## Assignment
The output is the lines below from the one with "Bajo tv Biscuit nogal 54x180x44 cm" through the one with "Freedom Logo T-WHT,XL", both included, printed exactly and with no other line.
Start of Task inputs
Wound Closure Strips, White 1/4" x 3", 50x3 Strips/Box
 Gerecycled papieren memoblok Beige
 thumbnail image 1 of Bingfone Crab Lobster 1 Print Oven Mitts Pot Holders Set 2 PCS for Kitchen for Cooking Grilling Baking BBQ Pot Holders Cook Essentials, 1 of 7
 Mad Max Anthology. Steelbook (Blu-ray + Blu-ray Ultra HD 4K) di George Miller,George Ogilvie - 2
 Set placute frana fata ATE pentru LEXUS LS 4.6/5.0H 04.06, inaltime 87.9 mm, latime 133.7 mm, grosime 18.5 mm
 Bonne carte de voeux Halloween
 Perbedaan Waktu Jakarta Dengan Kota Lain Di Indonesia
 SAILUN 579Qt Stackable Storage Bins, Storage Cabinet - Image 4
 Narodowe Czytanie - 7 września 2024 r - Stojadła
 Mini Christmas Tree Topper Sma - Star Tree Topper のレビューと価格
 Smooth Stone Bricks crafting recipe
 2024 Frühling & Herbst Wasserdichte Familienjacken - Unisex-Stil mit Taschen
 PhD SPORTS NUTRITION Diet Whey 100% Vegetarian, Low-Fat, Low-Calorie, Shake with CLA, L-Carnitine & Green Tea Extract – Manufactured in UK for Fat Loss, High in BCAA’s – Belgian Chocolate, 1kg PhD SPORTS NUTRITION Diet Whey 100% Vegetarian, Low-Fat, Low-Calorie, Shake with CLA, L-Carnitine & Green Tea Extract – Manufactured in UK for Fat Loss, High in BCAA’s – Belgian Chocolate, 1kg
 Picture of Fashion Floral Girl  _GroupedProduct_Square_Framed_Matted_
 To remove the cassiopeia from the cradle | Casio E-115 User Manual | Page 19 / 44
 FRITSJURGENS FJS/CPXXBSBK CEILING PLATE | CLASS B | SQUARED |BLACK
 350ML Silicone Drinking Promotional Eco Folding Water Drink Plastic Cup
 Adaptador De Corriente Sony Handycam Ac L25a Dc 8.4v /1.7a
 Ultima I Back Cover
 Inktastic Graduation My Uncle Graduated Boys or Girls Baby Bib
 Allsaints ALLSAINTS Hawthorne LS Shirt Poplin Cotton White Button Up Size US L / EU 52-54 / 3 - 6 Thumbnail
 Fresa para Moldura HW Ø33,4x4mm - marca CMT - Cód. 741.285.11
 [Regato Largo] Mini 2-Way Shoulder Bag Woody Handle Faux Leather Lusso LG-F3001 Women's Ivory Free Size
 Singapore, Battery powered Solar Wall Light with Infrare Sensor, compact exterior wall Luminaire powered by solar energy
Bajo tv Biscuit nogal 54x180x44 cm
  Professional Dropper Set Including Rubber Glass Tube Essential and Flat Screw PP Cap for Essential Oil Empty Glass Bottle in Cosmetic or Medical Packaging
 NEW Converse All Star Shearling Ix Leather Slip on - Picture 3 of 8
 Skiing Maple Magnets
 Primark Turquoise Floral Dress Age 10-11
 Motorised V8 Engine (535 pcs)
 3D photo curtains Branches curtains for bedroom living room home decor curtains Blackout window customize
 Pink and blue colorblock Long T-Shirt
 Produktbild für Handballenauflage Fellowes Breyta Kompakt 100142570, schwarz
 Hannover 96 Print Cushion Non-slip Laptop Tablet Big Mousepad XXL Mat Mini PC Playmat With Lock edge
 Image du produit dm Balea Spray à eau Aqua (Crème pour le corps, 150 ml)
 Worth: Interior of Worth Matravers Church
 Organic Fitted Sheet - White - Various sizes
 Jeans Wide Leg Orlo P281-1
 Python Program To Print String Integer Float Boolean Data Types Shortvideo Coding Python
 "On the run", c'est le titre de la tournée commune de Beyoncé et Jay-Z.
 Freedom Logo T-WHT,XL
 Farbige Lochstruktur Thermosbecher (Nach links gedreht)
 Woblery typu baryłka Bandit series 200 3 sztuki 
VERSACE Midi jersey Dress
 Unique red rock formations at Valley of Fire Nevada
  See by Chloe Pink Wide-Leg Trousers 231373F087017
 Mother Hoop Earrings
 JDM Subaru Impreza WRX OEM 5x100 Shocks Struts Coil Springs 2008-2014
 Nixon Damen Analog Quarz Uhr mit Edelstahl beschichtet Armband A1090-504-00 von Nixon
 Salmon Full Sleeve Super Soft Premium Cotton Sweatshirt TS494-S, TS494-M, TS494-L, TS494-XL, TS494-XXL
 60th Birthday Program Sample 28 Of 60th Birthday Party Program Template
End of Task inputs
## Solved problem
Bajo tv Biscuit nogal 54x180x44 cm
  Professional Dropper Set Including Rubber Glass Tube Essential and Flat Screw PP Cap for Essential Oil Empty Glass Bottle in Cosmetic or Medical Packaging
 NEW Converse All Star Shearling Ix Leather Slip on - Picture 3 of 8
 Skiing Maple Magnets
 Primark Turquoise Floral Dress Age 10-11
 Motorised V8 Engine (535 pcs)
 3D photo curtains Branches curtains for bedroom living room home decor curtains Blackout window customize
 Pink and blue colorblock Long T-Shirt
 Produktbild für Handballenauflage Fellowes Breyta Kompakt 100142570, schwarz
 Hannover 96 Print Cushion Non-slip Laptop Tablet Big Mousepad XXL Mat Mini PC Playmat With Lock edge
 Image du produit dm Balea Spray à eau Aqua (Crème pour le corps, 150 ml)
 Worth: Interior of Worth Matravers Church
 Organic Fitted Sheet - White - Various sizes
 Jeans Wide Leg Orlo P281-1
 Python Program To Print String Integer Float Boolean Data Types Shortvideo Coding Python
 "On the run", c'est le titre de la tournée commune de Beyoncé et Jay-Z.
 Freedom Logo T-WHT,XL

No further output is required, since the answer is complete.